- [Data provided]
────────────────────────────────────────

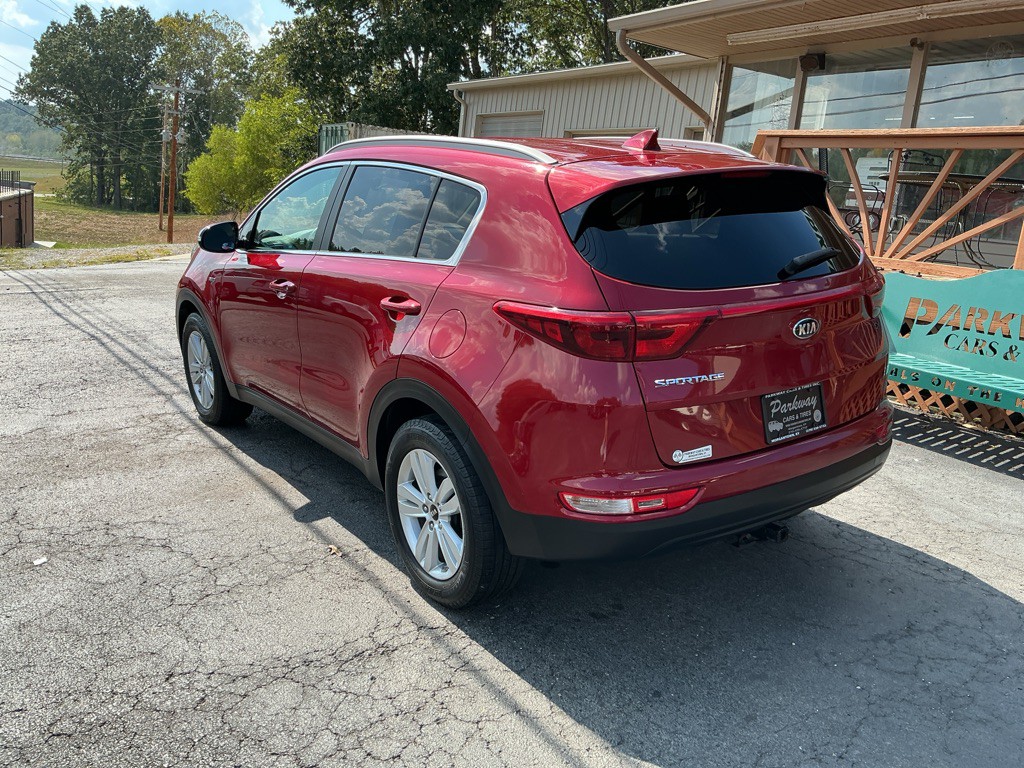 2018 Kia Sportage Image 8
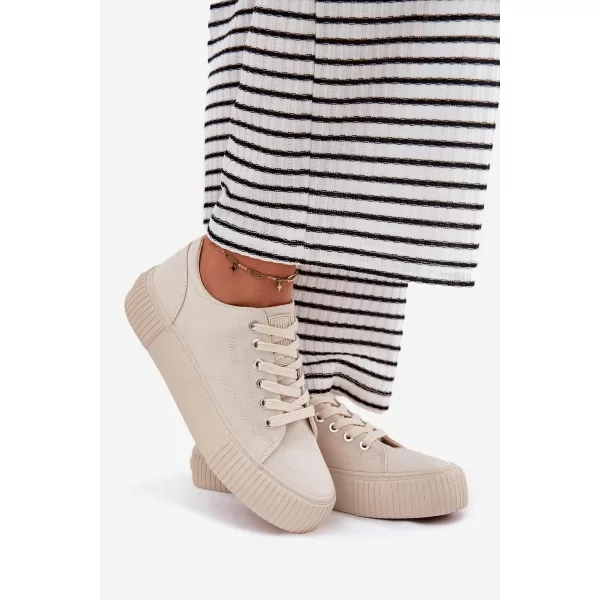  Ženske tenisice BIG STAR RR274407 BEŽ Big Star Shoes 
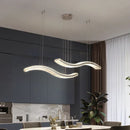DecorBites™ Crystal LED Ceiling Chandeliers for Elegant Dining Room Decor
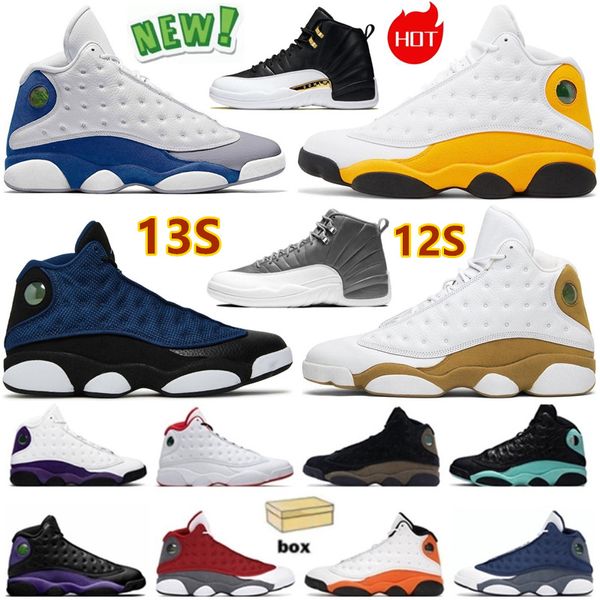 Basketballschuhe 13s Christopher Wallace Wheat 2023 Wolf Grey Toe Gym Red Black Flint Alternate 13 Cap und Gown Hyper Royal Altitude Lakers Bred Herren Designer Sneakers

────────────────────────────────────────

- [Description of the task]
Everything from the line with "DecorBites™ Crystal LED" through the last line above should be reproduced exactly, both ends included; pictures must be omitted.

- [Written answer]
DecorBites™ Crystal LED Ceiling Chandeliers for Elegant Dining Room Decor
 Basketballschuhe 13s Christopher Wallace Wheat 2023 Wolf Grey Toe Gym Red Black Flint Alternate 13 Cap und Gown Hyper Royal Altitude Lakers Bred Herren Designer Sneakers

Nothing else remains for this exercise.